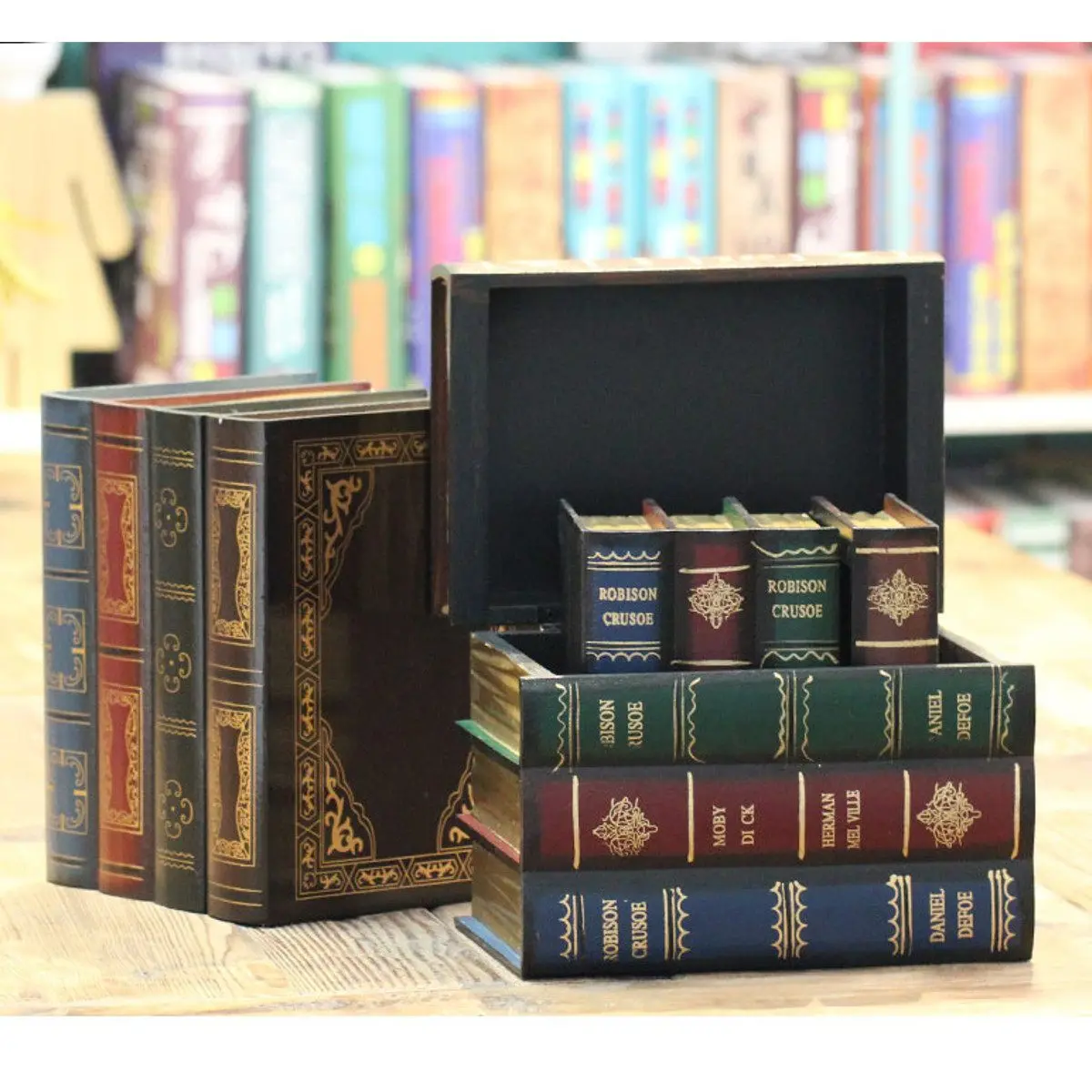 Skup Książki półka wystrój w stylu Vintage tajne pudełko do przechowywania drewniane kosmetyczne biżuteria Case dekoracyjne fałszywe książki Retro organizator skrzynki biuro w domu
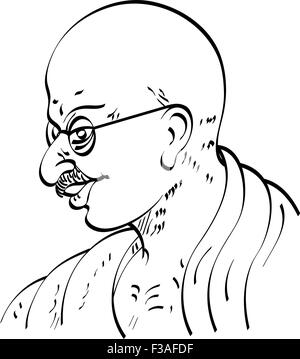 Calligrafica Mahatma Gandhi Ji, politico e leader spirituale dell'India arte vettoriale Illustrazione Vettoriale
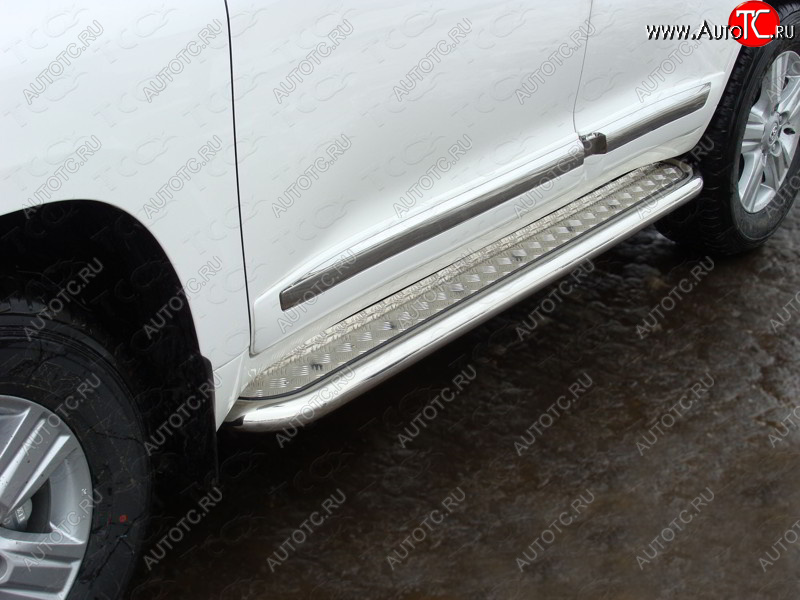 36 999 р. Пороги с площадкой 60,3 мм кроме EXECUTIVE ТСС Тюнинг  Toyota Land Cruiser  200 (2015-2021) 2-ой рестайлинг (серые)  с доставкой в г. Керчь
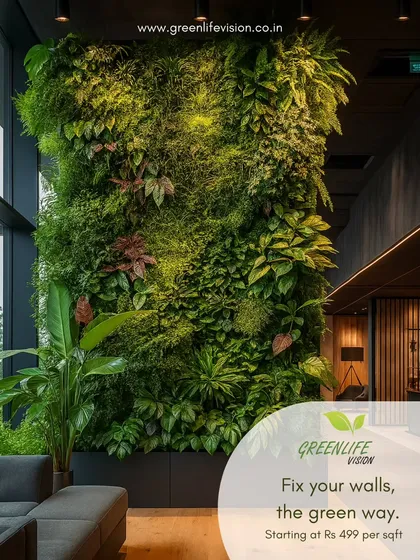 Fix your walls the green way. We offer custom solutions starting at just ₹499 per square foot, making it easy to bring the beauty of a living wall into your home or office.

The problem: Take the lines from the one that contains "36 999 р. Пороги" down to the last line of the listing above, both included, and set them down exactly, leaving out pictures.

The answer:
 36 999 р. Пороги с площадкой 60,3 мм кроме EXECUTIVE ТСС Тюнинг  Toyota Land Cruiser  200 (2015-2021) 2-ой рестайлинг (серые)  с доставкой в г. Керчь
 Fix your walls the green way. We offer custom solutions starting at just ₹499 per square foot, making it easy to bring the beauty of a living wall into your home or office.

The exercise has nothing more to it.